Former Cleveland High School wide receiver Luke Wysong (69 receptions) has committed to Arizona, where former UNM head coach Danny Gonzales, the guy who recruited him to UNM, is an assistant.
In fact, eight players responsible for 214 of Dampier’s 226 completions are in the portal. So, as well, are all eight of the Lobos who earned all-Mountain West honors, whether first-team, second-team or honorable mention.
Eck, though, brings impressive credentials as a program builder. That’s why Lovo hired him.
As Eck noted at Tuesday’s introductory news conference at the Pit, Idaho had enjoyed just two winning seasons in the 22 years before his arrival. He gave the Vandals three winning seasons in a row, going 26-13 and taking Idaho to the FCS playoffs all three years.

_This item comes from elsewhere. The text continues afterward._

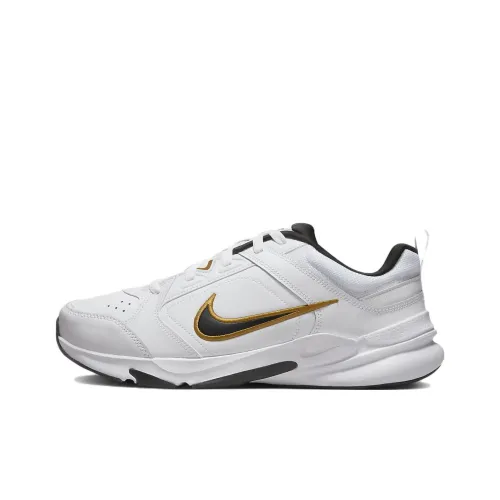 Nike Defy All Day Running Shoes Men Low-Top White/Black/Gold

He knows something about the portal, having lost eight players to FBS programs after the 2023 season. The Vandals nonetheless went 10-4 this season, beat Wyoming (which Mendenhall’s Lobos failed to do) and played unbeaten and top-ranked FBS power Oregon to the hilt before losing 24-14.
And there’s how he did it: full tilt.
During his three seasons at Idaho, the Vandals went for it on fourth down 84 times — converting exactly half of them.
“I believe you need to be aggressive,” he said after Tuesday’s news conference. “I think the kids respond to that.
“If we make errors, I never want to make a conservative error. … I don’t want (his players) playing tentative and slow. If occasionally they’re going 100 miles an hour and make a mistake, I can live with a full-speed error. That’s how I want to coach.”
Home attendance more than doubled, Eck said, during his three years at Idaho.
He looked at the crowd of 11,149 that attended the UNM men’s basketball victory over Western New Mexico and said he believed that kind of enthusiasm could easily transfer to a consistently winning football program.
The odds of that happening, he said, will increase once Boise State, Colorado State, Utah State, Fresno State and San Diego State leave the Mountain West Conference starting in the fall of 2016. Smaller pond, bigger fish.
Yet, Franchione, Joe Morrison in 1982 and Rocky Long in 2008 all left, in part, because they didn’t see winning seasons rewarded with sell-out crowds. Those damn fans, Long grumbled on the way out.
New Mexico, though, hasn’t had a consistently winning program, producing conference championships and the like, since the late 1950s-early 60s, before college football went two-platoon.
Eck coached the past three seasons in the shadow of Boise State, for decades the gem of Group of Five football — not just winning, not just winning consistently, but consistently winning big.
Can it be done at New Mexico? Is Eck the guy who can do it?
Stokes, Lovo, the Regents, et al, are betting on it.